Fugas - dicas dos leitores

Deli, cidade poética

Por Maria João Castro

Por instantes, suspensos numa jornada anacrónica e irreal, simultaneamente fictícia e verdadeira, regresso a Deli, a cidade alquimia e poética.
A primeira sensação à saída do aeroporto é a de um bafo sufocante e húmido ao qual se junta uma movimentação alucinante de gente, carros, gritos, encontrões, tabuletas informativas, altifalantes, tabaco e luzes de néon.

No meio da balbúrdia caótica, surge o nosso guia Ashok, que, contra tudo o que nos é dado a ver, exibe uma calma imperturbável.
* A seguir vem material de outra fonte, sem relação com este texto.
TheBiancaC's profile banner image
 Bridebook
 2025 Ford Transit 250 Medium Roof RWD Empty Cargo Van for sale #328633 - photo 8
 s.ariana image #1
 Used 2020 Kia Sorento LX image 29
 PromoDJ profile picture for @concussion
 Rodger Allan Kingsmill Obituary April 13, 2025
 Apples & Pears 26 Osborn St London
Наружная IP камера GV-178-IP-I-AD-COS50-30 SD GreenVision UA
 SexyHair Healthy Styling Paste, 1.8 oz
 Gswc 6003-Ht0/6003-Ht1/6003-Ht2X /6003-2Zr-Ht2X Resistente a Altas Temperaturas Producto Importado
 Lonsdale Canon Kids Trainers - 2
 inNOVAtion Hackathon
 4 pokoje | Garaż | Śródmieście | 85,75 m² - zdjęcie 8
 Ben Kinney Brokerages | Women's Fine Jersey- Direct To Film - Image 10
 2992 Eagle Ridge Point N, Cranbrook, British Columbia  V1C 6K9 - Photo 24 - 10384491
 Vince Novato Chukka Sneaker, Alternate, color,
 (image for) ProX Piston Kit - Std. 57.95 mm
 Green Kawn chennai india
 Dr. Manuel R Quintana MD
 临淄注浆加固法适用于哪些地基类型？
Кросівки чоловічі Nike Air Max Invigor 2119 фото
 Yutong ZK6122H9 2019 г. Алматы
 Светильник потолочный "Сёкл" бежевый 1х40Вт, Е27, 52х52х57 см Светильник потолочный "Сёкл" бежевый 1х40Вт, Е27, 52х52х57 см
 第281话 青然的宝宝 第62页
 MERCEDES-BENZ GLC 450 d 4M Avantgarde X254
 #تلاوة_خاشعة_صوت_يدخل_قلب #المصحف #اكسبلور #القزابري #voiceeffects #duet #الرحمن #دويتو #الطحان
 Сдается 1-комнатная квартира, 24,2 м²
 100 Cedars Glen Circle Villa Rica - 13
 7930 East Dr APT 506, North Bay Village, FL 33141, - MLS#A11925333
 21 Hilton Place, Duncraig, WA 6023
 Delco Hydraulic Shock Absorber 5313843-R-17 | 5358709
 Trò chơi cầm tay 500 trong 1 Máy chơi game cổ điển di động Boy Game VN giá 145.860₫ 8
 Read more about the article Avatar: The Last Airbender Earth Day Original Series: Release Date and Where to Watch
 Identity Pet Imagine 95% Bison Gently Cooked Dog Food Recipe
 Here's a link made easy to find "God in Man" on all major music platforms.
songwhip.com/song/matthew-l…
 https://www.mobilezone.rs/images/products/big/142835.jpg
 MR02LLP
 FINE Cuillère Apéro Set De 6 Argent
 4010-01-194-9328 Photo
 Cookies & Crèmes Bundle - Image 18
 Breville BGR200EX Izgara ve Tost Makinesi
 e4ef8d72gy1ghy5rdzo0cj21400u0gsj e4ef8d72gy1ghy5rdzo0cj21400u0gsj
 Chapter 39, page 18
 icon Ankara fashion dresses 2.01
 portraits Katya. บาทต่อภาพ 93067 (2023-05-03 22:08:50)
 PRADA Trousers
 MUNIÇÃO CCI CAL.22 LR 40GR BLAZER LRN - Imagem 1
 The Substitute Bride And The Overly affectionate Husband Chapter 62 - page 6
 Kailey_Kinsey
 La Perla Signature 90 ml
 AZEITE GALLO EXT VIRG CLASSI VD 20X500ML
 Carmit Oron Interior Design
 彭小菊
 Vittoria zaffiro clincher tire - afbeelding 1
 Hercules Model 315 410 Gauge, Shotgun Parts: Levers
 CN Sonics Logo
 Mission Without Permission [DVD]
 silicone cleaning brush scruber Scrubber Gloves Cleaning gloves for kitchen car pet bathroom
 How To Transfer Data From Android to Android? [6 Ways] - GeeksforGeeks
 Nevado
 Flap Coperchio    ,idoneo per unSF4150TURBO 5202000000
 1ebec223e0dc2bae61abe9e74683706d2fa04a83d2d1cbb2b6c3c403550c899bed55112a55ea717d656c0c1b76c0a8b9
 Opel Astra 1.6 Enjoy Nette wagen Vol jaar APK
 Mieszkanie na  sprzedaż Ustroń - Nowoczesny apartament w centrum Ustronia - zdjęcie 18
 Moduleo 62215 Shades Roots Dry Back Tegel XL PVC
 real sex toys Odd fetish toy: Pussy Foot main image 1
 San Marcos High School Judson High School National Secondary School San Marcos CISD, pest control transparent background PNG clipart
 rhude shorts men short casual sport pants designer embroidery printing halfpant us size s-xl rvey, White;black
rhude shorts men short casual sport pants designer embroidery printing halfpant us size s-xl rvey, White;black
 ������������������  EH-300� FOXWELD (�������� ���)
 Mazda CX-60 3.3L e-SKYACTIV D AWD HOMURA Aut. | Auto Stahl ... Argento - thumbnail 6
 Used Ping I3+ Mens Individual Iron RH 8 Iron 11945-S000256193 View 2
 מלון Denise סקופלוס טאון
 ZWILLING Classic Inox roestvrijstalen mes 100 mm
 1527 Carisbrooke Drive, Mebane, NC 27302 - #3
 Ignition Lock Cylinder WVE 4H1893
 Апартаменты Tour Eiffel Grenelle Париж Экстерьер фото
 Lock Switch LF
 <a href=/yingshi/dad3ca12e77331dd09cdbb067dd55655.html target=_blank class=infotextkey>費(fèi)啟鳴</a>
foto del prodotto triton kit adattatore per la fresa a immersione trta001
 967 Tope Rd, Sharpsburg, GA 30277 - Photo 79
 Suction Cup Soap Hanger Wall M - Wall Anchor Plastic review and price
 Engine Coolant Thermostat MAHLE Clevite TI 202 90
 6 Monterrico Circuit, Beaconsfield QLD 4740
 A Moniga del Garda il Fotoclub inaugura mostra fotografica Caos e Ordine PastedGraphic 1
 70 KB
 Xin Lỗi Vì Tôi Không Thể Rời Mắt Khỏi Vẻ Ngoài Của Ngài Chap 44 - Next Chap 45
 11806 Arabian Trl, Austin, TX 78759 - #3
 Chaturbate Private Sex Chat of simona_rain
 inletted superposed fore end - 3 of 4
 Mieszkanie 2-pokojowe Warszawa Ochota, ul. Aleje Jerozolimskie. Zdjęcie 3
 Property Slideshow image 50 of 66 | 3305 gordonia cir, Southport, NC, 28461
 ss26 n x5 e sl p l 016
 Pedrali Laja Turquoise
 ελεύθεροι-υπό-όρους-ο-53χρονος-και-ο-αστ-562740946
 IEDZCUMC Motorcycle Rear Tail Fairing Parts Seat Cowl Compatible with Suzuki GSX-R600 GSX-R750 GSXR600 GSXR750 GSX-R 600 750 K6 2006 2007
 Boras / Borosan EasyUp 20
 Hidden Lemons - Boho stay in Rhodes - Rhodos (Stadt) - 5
Abre os lábios num sorriso tímido, junta a palma das mãos e faz uma pequena vénia, cumprimentando-nos: Namasté!

Retribuo a saudação e, já no veículo, recebo umas primeiras e breves indicações, sendo depositada, pouco depois, no hotel. Adormeço e acordo mais cedo do que o combinado com o despertador. Salto da cama, tomo um banho e saio, desejosa de apreender essa Índia prometida.

A cacofonia das buzinas, a confusão de trânsito, desviam-me do mundo da reflexão, atirando-me bruscamente para a rua esburacada. A condução faz-se pela esquerda mas circula-se por onde há espaço, por entre carros que se misturam com riquexós, bicicletas, camiões, peões, camelos, elefantes, macacos, pessoas deitadas na terra e vacas, sempre muitas vacas. Welcome to India!

A primeira paragem é feita na Velha Deli, na mesquita Jami Masjid, a maior da Índia. O templo recorta-se sobre o Forte Vermelho, numa pintura mais sugerida do que real. A tranquilidade do seu interior contrasta com o exterior fervilhante de ritmo e azáfama. Detenho-me mais tempo do que o previsto, sentindo a macieza dos tapetes, o cheiro a incenso, os fiéis que dormitam sob as arcadas ou sussurram ladainhas ubíquas, as cores dos chinelos deixados à porta...

Não muito longe fica o Rajghat, o memorial onde Gandhi foi cremado. As suas últimas palavras, He Ram, estão inscritas numa placa de granito negro e os únicos toques de cor aqui são numerosas grinaldas de flores que propagam um perfume doce e quente.

A próxima visita é a Bangla Sahib, o grande templo sikh. Para entrar no edifício, de um branco imaculado e encimado por uma cúpula dourada, somos obrigados a deixar os sapatos à porta, o que é muito agradável, uma vez que o fresco e polido do mármore refresca as plantas dos pés, revigorando o espírito. Já no interior do santuário sikh, a música e os cânticos ajudam a engrandecer a esfera religiosa do conjunto. À saída, umas escadas dão acesso a um grande lago onde os fiéis descansam, molhando os pés. Sento-me à beira do tanque e aprecio as mulheres nos seus saris alegres, sob o fundo marmoreado do templo, enquanto os homens conversam envoltos nos seus coloridos turbantes.

No pára-arranca das visitas à cidade-palimpsesto vou dissolvendo os templos, por entre vacas e elefantes, subo para os riquexós e misturo-me com os transeuntes de todas as castas que pululam pelas ruas. Ofereço colares de flores frescas aos deuses e inspiro o inebriante aroma da comida acabada de fazer, desfocando os coloridos saris femininos que, sob o fumo desprendido dos incensos perfumados, ondulam na tarde eterna indiana.